2. My other ex-Spur, Danny Green was the DannyGreen!! Spurs fans remember so fondly. And while he was not 70% like Kawhi, DannyGreen was 60% — from the three point line. 18 points on 6 threes. This was the Danny Green Spurs fans loved — including the breakaway blocked shot which demonstrated his hustle, timing and singular defensive talent. It was great for this Spurs fan to see him do it again on the big stage. Remember that time when we ran a poll earlier this season asking for SpursNation’s favorite ex-Spur? Danny Green won easily.
3. Spurs fans must have felt a sense of déjà vu on the several plays in which Kawhi manned the middle of the break, Green flared to the corner, Kawhi passed it at the perfect moment, and DG3 drained the corner jumper. DejaVuDanny!
4. The other ex-Spur, Steve Kerr, had another excellent game coaching his short-handed team. Kerr rightfully got credit for inserting DeMarcus Cousins into the starting line-up for Game 2, as he recognized that Boogie’s entire mindset was as a starter. Kerr started Cousins again in Game 3 — and quickly recognized that Game 2’s success was not going to be repeated. Seeing that Cousins was ineffective, Kerr played him only 19 minutes, three less minutes than Aussie Andrew Bogut, who was playing in the Australian Basketball League a few months ago.

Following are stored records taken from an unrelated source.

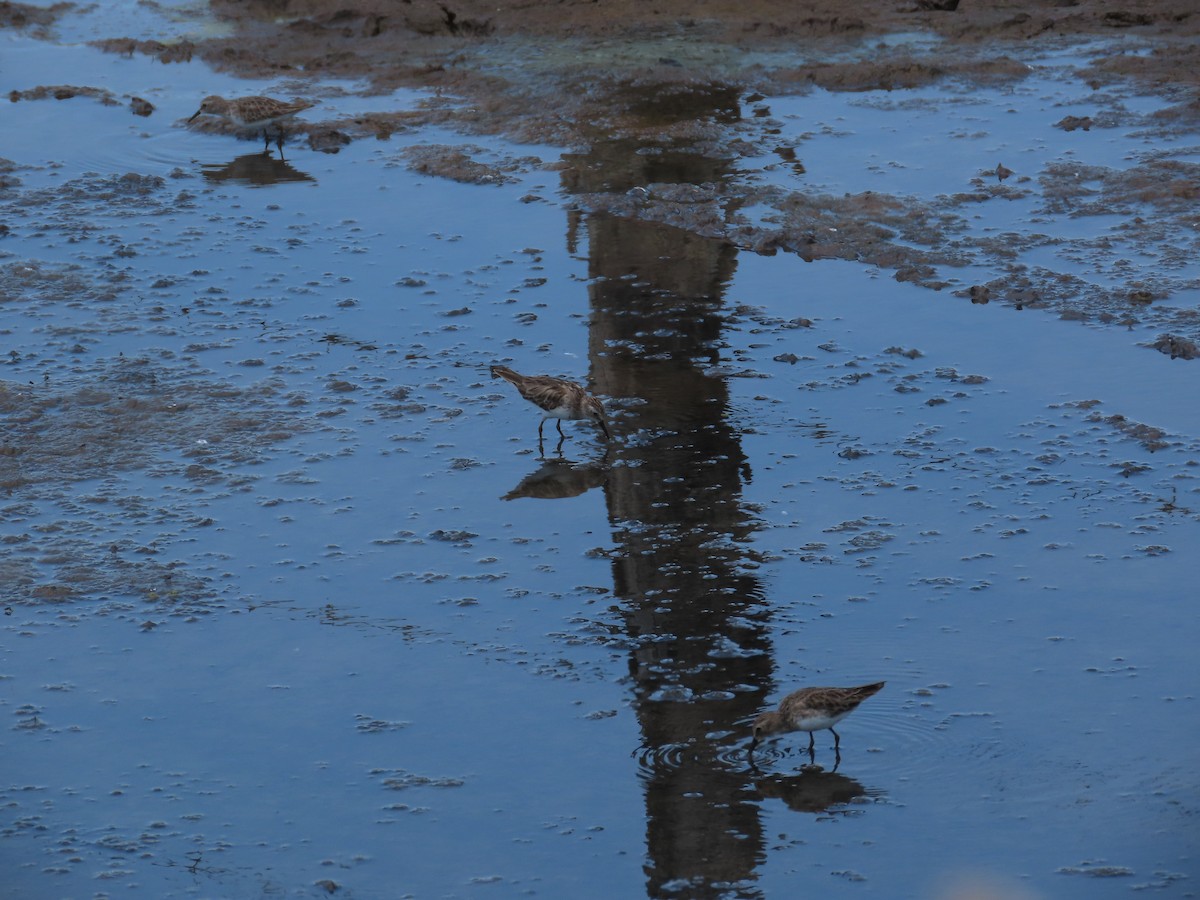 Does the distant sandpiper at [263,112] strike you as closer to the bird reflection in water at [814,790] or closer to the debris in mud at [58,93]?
the debris in mud at [58,93]

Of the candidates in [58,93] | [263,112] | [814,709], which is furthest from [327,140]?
[814,709]

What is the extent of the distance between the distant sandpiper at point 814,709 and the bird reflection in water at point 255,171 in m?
10.0

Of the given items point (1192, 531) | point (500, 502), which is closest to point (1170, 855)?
point (1192, 531)

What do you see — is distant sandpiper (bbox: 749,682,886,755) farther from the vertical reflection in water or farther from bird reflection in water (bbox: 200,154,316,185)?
bird reflection in water (bbox: 200,154,316,185)

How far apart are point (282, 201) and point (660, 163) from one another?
3.57 m

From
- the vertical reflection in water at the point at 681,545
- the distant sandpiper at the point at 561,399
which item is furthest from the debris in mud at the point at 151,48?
the distant sandpiper at the point at 561,399

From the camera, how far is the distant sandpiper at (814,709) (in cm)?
666

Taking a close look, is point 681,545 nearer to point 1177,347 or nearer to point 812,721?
point 812,721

5. Before the game, Jeff Van Gundy said the Warriors were home to play “in their depleted state.” Was he referring to California?
6. A big question going into Game 4 Friday night is whether the Raptors can shoot like this again. In Games 1 and 3, they made their shots and won. In Game 2, they did not, and they lost. Sometimes it really is a simple game.

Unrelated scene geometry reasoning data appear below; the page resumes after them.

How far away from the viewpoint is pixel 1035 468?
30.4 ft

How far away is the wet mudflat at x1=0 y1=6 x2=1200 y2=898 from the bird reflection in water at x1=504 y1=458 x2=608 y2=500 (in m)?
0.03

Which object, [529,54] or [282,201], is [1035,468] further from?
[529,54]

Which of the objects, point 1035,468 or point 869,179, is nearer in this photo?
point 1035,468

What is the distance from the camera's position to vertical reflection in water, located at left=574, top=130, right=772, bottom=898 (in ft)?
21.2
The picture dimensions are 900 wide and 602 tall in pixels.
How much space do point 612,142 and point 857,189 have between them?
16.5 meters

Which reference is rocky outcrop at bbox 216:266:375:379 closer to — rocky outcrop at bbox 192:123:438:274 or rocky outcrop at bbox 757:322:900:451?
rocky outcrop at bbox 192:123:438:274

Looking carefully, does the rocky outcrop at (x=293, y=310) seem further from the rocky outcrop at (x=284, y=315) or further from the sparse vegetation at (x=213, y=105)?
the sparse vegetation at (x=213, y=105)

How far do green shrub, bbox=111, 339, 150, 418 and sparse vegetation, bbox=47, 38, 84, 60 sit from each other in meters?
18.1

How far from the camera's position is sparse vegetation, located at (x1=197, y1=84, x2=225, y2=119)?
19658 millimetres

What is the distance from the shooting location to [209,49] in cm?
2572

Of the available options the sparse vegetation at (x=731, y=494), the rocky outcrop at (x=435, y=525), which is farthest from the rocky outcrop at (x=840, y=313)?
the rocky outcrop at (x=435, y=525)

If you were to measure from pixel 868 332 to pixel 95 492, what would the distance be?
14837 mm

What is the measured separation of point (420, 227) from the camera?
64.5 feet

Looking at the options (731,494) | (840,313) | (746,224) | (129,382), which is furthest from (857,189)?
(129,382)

7. Assuming Klay plays (effectively) in Game 4, one would expect the Warriors to win in front of their home crowd. Assuming Kawhi continues to get healthier, an 80-90% Kawhi will be even better going forward. So the real question may be whether Kevin Durant makes it back, and whether the Warriors can integrate his talents seamlessly (not necessarily a given). If so, the Raptors (up two games to one, almost up three – zero, with homecourt advantage) will likely be underdogs. (Current Vegas odds have the series basically a toss-up.) If neither Klay or KD come back Friday night, or they do and the Raptors win Game 4 anyway, the Warriors will likely never play in Oracle Arena again.